After almost forty movies this year, including many very good ones such as "Birdman", this is the first I felt compelled to review. You might think that a Bollywood movie only reflects my bias, but honestly this has universal themes that will hit most of you. Like many it has a touching romance and like a few others it has appeal to the intellect, but most of all it a great story about story telling.
It is very confusing at the beginning with elements that may not fit in with your first preconceptions. Eventually the little streams will join together and make a lot of sense. Flashbacks help bring the present into context. Tells the story very well after getting your attention.
Most romance movies depend heavily on misunderstandings. Most finding oneself stories depend on conflict within the self. "Tamasha" illustrates both of these dynamics uniquely because it also encompasses the dynamics of story telling.
Imtiaz Ali, the director writer has done a lot of excellent movies such as "Jab We Met" "Rockstar" and "Highway." It seems likely there are elements of autobiography. Directing and writing are the two most creative jobs in a movie which is really a story with special effects. In his commentary Imitaz tells us that one of the mechanisms of the story comes from his brother Arif, also a movie director who had a friend visiting a foreign holiday destination and to have more fun didn't want to give his name or learn the name of a romantic partner.
Ranbir Kapoor, son of Rishi Kapoor got off to a pretty good start in his movie career, but has run a few flops. This movie should set him back on the right path. Deepika Padukone has been doing very well and has even deviated off commercial movies to more artistic challenges with success. The two were a couple a few years ago, but broke up. Deepika once insulted Ranbir on a tv talk show in a very delicate manner. However they really fit together very well--both loving and hurting each other.

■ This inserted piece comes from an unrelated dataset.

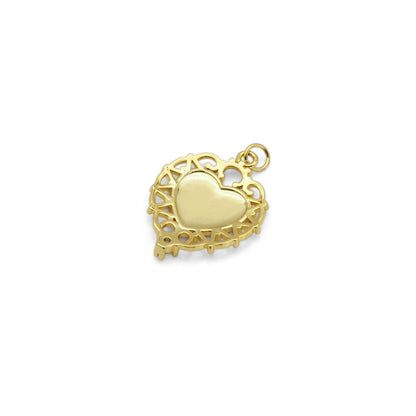 Gold Colorful Enamel Butterfly On Heart Charm, Sku#Y806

One other actor deserves mention, Javed Sheikh who plays Ranbir's father. He displays some subtle emotion when it makes a big difference.
A common thread throughout is story telling. There is some sort of theatrical presentation at the beginning, but before long the camera switched to a scene with a young boy being enthralled by an older reluctant story teller who he pays. At first the story teller recounts a tale from Hindu mythology and later of the ancient Greeks. Later we hear references to Biblical stories.

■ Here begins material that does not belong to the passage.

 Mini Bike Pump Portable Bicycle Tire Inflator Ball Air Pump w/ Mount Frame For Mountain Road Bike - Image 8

In the romance Deepika is imagined as a bold thief with access to a fortune in gold. Ranbir pictures himself as a spy chasing her. Much later this plays into another connecting mechanism.
A. R. Rahman, known to North Americans for the Oscar winning music in "Slumdog Millionaire"wrote the music. He has written some of the best music ever written for movies. The music in "Tamasha" is good, but not his best. I did add one song to my iTunes collection.
Interesting locations. A major part is in Corsica where the two main characters meet and enjoy the land and seascape. Other scenes included Kolkotta, Delhi, Simla and Tokyo (where rain cut down the scenery they wanted). Overall the cinematography is excellent.
The book "Catch 22" was the mechanisms to allow them to reconnect. The man brought a copy to Corsica with a book store mark and he commented on where he got it. A few years later it enabled the woman to find our hero in a different city.
This is a very visual movie with lots of ingenuous settings. Many details are used to make a point, some of which you will catch easily, but others you will appreciate more with a subsequent viewing.
In Bollywood stories are told with scenery, music, dance and of course words. The viewer will see that based on his story telling talents the hero gains more tools over time.
Story telling is important to us all. I remember writing about how important stories are to selling products and ideas: see http://www.johnfdavidson.com/2011/06/tell-to-win-offers-winning-formula.html People don't buy statistics at least not until after they hear the story. The best story tellers use all sorts of tools when they get the opportunity.